Norman Kreeger, played by David Calvitto, has recently published a book on 21st century extremism and appears as a guest on Issues in Focus, a late night political talk show to share his expertise on the subject. Off camera, both Kreeger and the interviewer appear composed, exchanging pleasantries and gazing around the auditorium. We begin to realise that not only are we spectators of this production but that we also play the part of viewers at home, sitting idly by the television set, absorbing the language of newspeak.
Yet once the show begins, the dynamic between the two characters noticeably alters. Domineering and with unfaltering confidence, Kreeger describes extremism as ‘the final threat to democracy’ in a variety of ways while the interviewer struggles to follow his train of thought and contributes little to the debate, other than reiterating her counterpart’s views.
‘Freedom is…freedom’ we are told. This inability to define words central to their argument invites us to dissolve the distinction between extremist ideology and America’s notion of democracy. Indeed, many of the points Kreeger raises are done so in an effective, implicit manner, subliminally urging us to consider the propaganda we are all subject to. However, this revelation should have been handled with a greater sense of subtly and not have been evident from such an early point in the text. Once an audience recognise that they are unequivocally watching a satire, the piece loses its disturbing edge and, in spite of the witty, well delivered dialogue, is somewhat stripped of its ability to affect.
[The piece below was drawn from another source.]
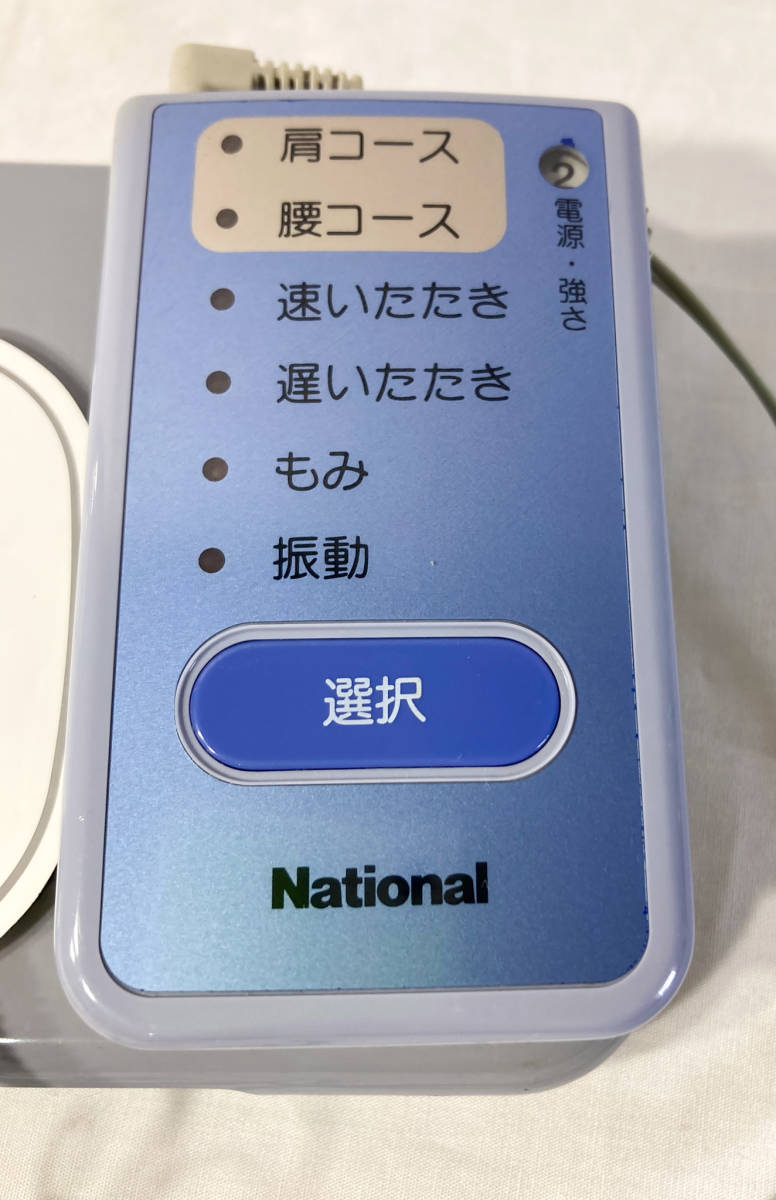 National ナショナル 低周波治療器 EW437 家電 肩凝り マッサージ ヘルスケア 健康器具 家電 昭和レトロ 【k914.2】_画像2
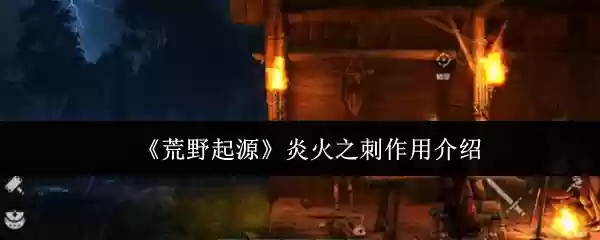 荒野起源炎火之刺有什么作用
At one point in the play it seems as if the interviewer peers through Kreeger’s non-sequiturs and is about to undergo a personal epiphany, wherein she understands that she is little more than a government mouthpiece. No such luck. This realisation is almost instantly quashed by a slight change in topic and fails to return at a later stage. It would have been interesting to witness the two characters begin to drift apart or at least engage in a prolonged dispute over one particular aspect of democratic values.
Yet David Calvitto and Carol Scudder deliver fine performances, keeping the audience engaged throughout and bouncing off each other with delicious chemistry.